Released in time for Father's Day, Neil Warnock has released a book entitled The Gaffer: The Trials and Tribulations of a Football Manager.
The book which can be considered Warnock's first public statement since he departed Leeds United is a look back on his career throughout football via the big moments of his career from guiding Sheffield United to the Premier League, to the fall-out of being relegated and the ensuing Carlos Tevez saga which ultimately cost him his job.
Focusing primarily on the time at his QPR and the money involved with the club, Warnock is keen to stress he holds no ill will towards the owners who sacked him but would be more inclined to focus on the privilege in guiding the club from near relegation the previous season to table toppers helped by such talent as Adel Taarabt, Heidar Helguson and Jamie Mackie.
Warnock's tone throughout the book (helped by Glenn Moore of the Independent; for whom Warnock wrote a weekly column which was as entertaining as this title) is one of eternal optimism, you get the sense that Warnock loves doing the job he does, and for every job he loses due to poor form or new owners, he is reflective on the job he has done has been to the best of his abilities.
Warnock comes from the same school as Harry Redknapp - not the greatest of players during the playing career but a man who has a keen observation of tactical formation and man-management.
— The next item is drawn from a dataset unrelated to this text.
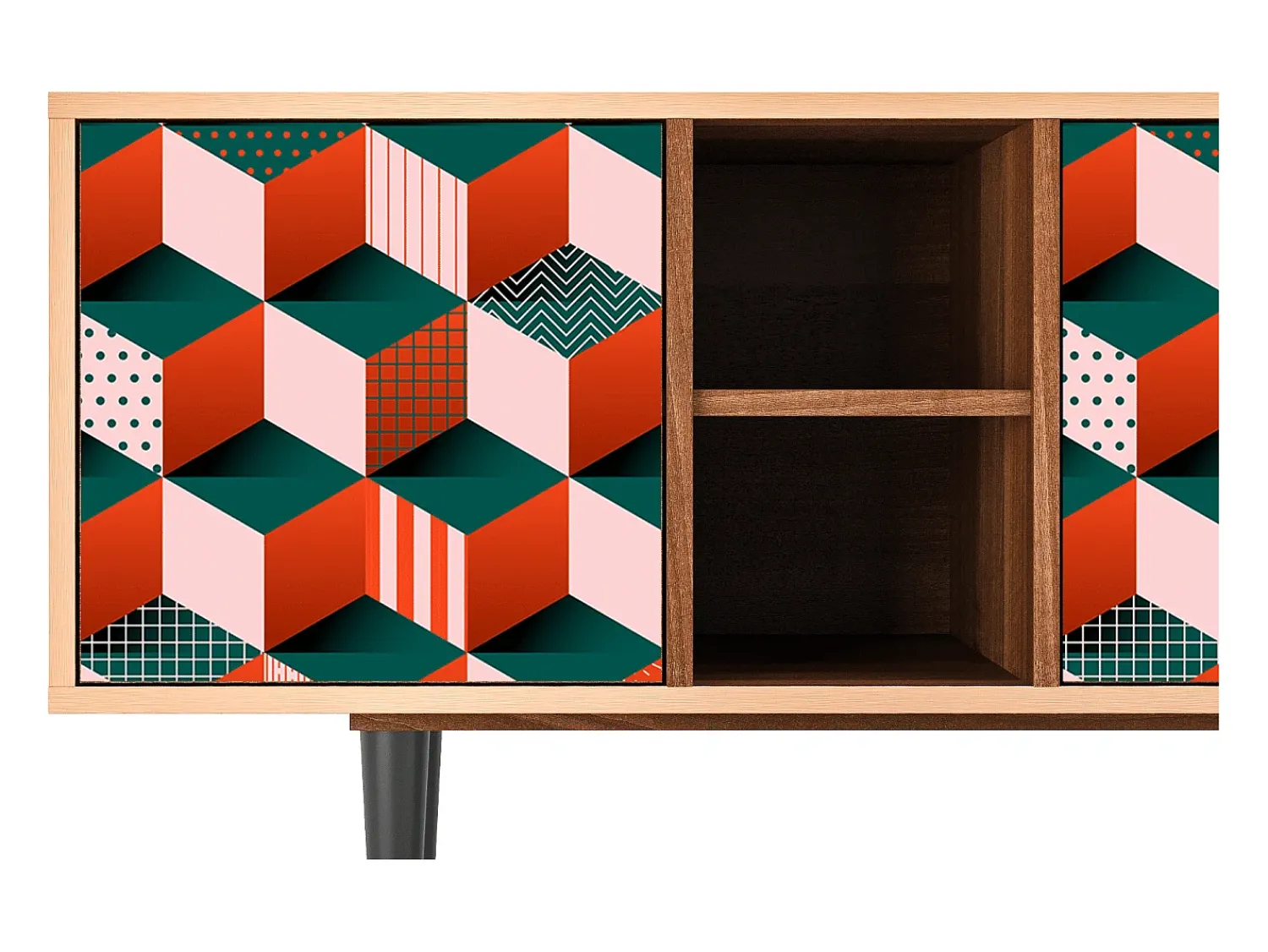 Móvel De Tv* Mueble de TV - 150х69х41 cm - T5 - Pepsi-Cola, Nogueira Castanho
Warnock mentions how he used speed of his youth team at Crystal Palace to good effect prompting the promotion of John Bostock and Nathaniel Clyne amongst others to the senior side; Warnock set the framework by which Palace continue with Wilfred Zaha at the forefront of Palace's promotion season. Warnock's belief was that these youngsters need to play games before moving on to bigger clubs, where they will stagnate and plateau - a telling remark in light of England U21s disastrous European tournament.
This may be a view of one man on his life in football, and at times like most biographies it can be self-congratulatory yet Warnock's joie de vivre for life and football does come across mostly; his numerous famous interviews made him appear to be a man you would like to sit down with for a pint. This book does not disappoint in that respect, and his chapter on refereeing standards is both enlightening and eye-opening.
The Gaffer is a perfect gift for Father's Day, for a no-nonsense account of life as a somewhat scapegoat in a business first approach to football.
The Gaffer is out now from Headline Publishers at £16.99 and is also available as an e-book.